On Thu, Aug 9, 2012 at 1:26 AM, Kenji Hara <k.hara.pg at gmail.com> wrote:

> You can also use slice operator instead of expand property.

>
> import std.stdio, std.typecons;
>
> void f(T ...)(T t) {
>     writeln(t.length);
> }
>
> void main(){
>
>     auto v = tuple(1, 2, 3);
>     f(v[]); // prints 3

I didn't know that.
Nice one. Indeed, it's almost like a range.
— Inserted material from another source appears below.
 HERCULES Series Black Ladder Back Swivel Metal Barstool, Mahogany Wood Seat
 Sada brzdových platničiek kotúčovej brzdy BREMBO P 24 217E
A bit dangerous, as people
might forget that what they get is a tuple with possibly different
types, instead of a range, but good to know as it offers a homogeneous
syntax.

Hey, I have map/filter/reduce functions for tuples, should they be
part of Phobos?

auto t = tupleMap!(a => to!string(a))(1,'a',"abc'", 3.14); // eager, not lazy

assert(t == tuple("1", "a", "abc", "3.14"));

auto arr = [t[]]; // crack open & transform into an array
assert(is(typeof(arr) == string[]));


Of course, the mapping function must be polymorphic or overloaded. The
good news is, it may very well have different return types for each
argument type, thus giving back another, entirely different tuple.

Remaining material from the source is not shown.